Would you say the same thing for company that sells parachutes?
There's a market for cheap, fast, easy, and good-enough reliability.
There are plenty of data stores like redis or memcached which promise and deliver exactly that, with known parameters, and they're awesome. I'm building an application right now where long-term data integrity doesn't matter too much (a dashboard will be down for a few minutes if we lost data), and they're the right way to go.
What I do grapple with is that MongoDB is none of those. When I've seen it used in projects, it was slow, hard, and expensive.

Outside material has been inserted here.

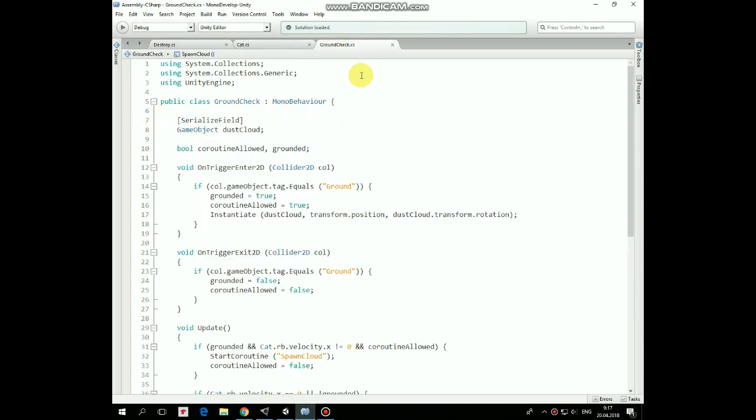So, dust cloud reference is still here, and a couple of new boolean variables are added, which are coroutine-allowed and grounded ones.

Because Mongo overpromises, it's hard to tell what its real limits are. You're quite likely to step on a landmine where something was promised but didn't come through. When that happens, you either have a huge amount of deep voodoo debugging, or perhaps it's a problem without a solution. That's almost always a lot more expensive than designing around psql in the first place.
And it's not particularly fast either.
The ideal use case for MongoDB is when you are a) collecting a lot of data, b) only need to retain a large enough sample for statistical purposes, and c) don't need historical archives.
In those cases, turn all the safeties off and go for it. It really does shine in that scenario. You want to get a heat map of clicks on a high-traffic website? Perfect. You'll get a good-enough picture of what's happening. And if you lose some or get some conflicting data, that's okay because we only care about a statistical approximation. Archive the results of the analysis instead of worrying about the underlying data.
People often get bogged down in the details of CAP theorem too early in their decision-making process. The reality is that database systems occupy a 2-d spectrum with raw speed on one end and safety on the other end. CAP theorem is a rigorous study of 3 dimensions of trade-offs you have to understand as you move that slider from one side to another. A lot of hand-wringing and debate could be shut down if people analyzed the lower decision first. Most use cases are binary and occupy one extreme or another: you either need them to be safe, or you don't. If you don't need them to be safe, then you want them to be as fast as possible. If you need them to be safe, your options are limited.
If you phrase the question only on the fundamental 2-d spectrum, your product and technology managers will almost always come up with a safe/speed answer. If you start at the CAP level analysis, you end up with endless discussions about what safe enough means--and it's usually a discussion among people who don't really understand the theorem at all.
There are tons of cases where any specific item of data doesn't matter. It's only the aggregate that matters. Great. Perfect. Use whatever it doesn't matter. And there are other times when you absolutely cannot afford to lose anything. These seem like obviously different things and I can't for the life of me imagine why anyone would try to use the same tool for both purposes.
Anyway, I'll shut this down now. To me, the bottom line is to identify what the business case is for data first. Fast or Safe. Pick one. Okay, now we basically know what our options are. Then we can get into the weeds among ourselves.
If you are really at the point you need to super scale, then you can look into specialized databases.